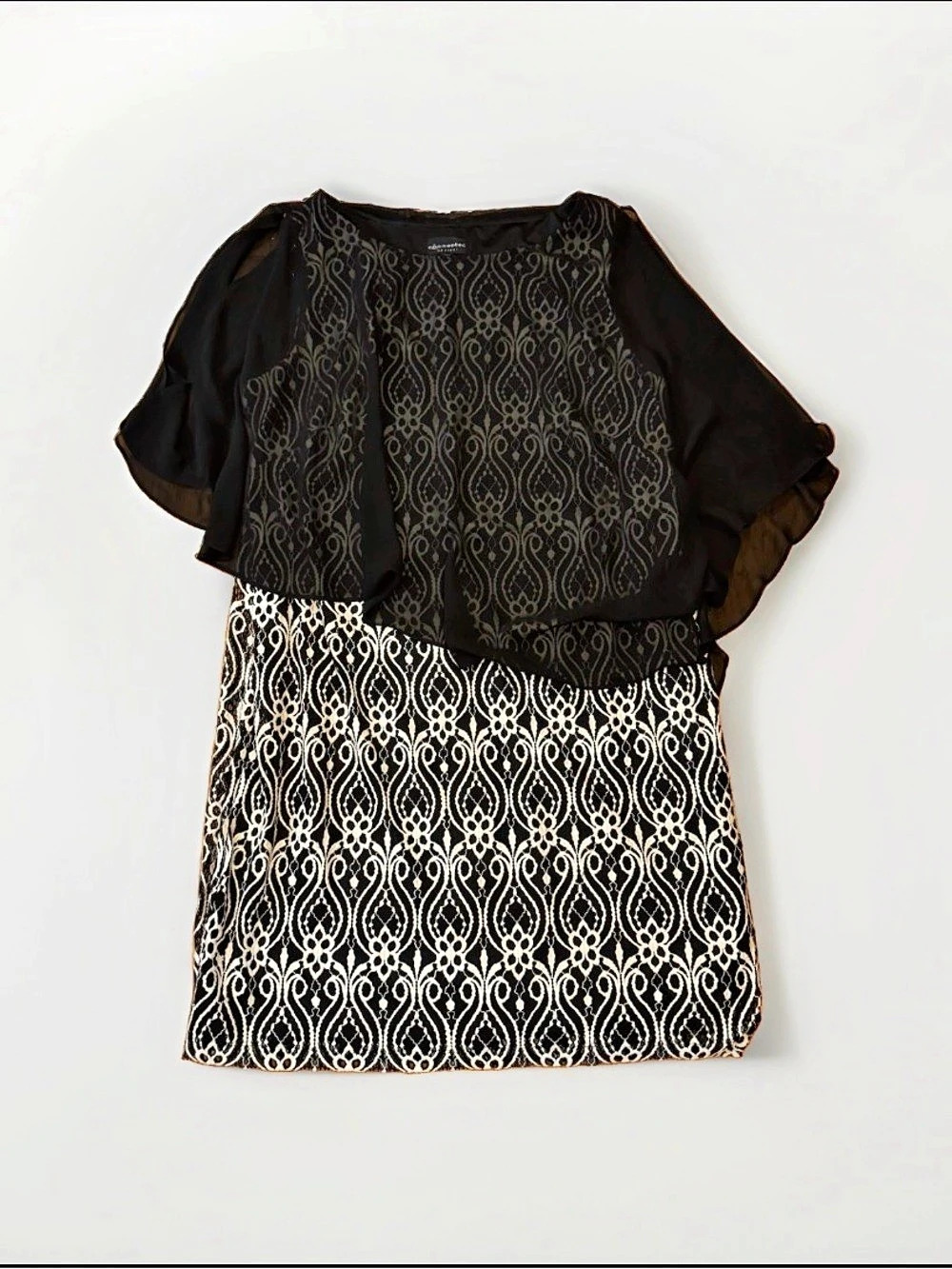 NWT Connected Apparel Dress 20W Black Sheath Lace Chiffon Capelet Cold Shoulder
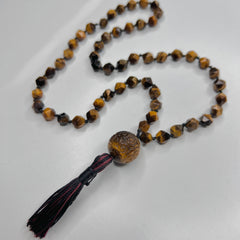 Kids Tiger's Eye Faceted Hand Knotted Mala 8mm (54 beads) | Japamala | Prayer Beads | Meditation Necklace | Mantra, Sound & Reiki Infused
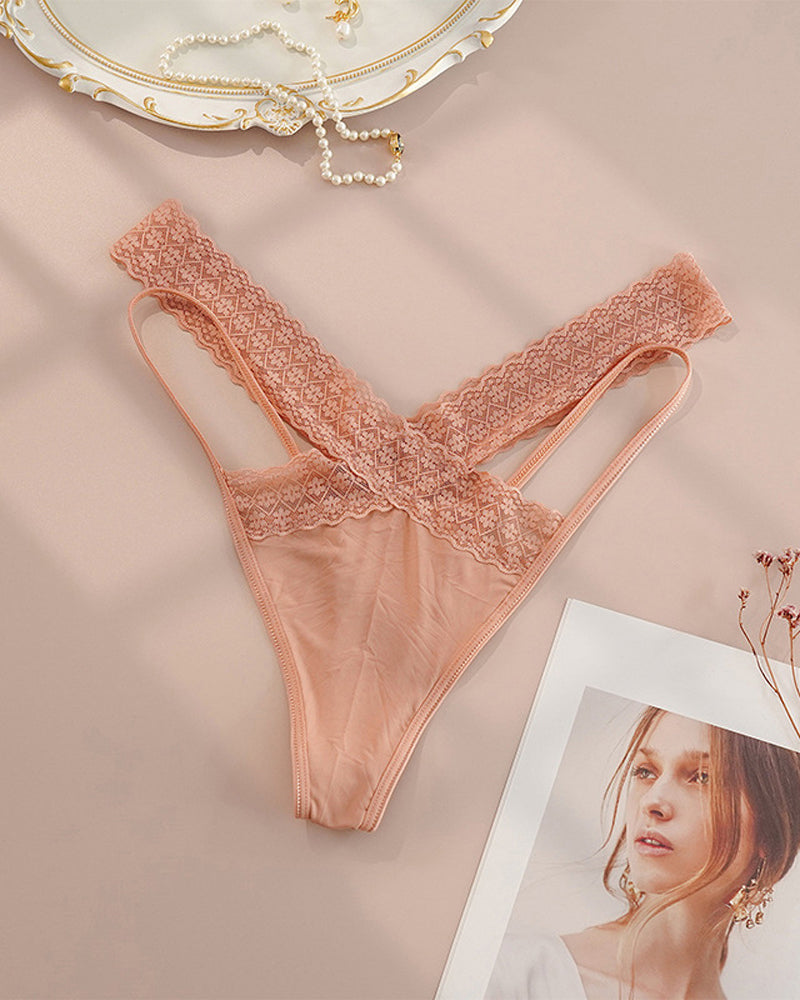 Bragas cruzadas sexys de talla grande y cintura media para mujer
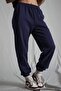 Women's Navy Blue Elastic Waist Oversize Sweatpants Mg1235 - 2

★ ★ ★ ★ ★ ★ ★

#### [EXERCISE DIRECTIONS]
Before writing out the material above, please remove its pictures; everything else stays exact.

#### [EXERCISE RESPONSE]
 NWT Connected Apparel Dress 20W Black Sheath Lace Chiffon Capelet Cold Shoulder
 Kids Tiger's Eye Faceted Hand Knotted Mala 8mm (54 beads) | Japamala | Prayer Beads | Meditation Necklace | Mantra, Sound & Reiki Infused
 Bragas cruzadas sexys de talla grande y cintura media para mujer
 Women's Navy Blue Elastic Waist Oversize Sweatpants Mg1235 - 2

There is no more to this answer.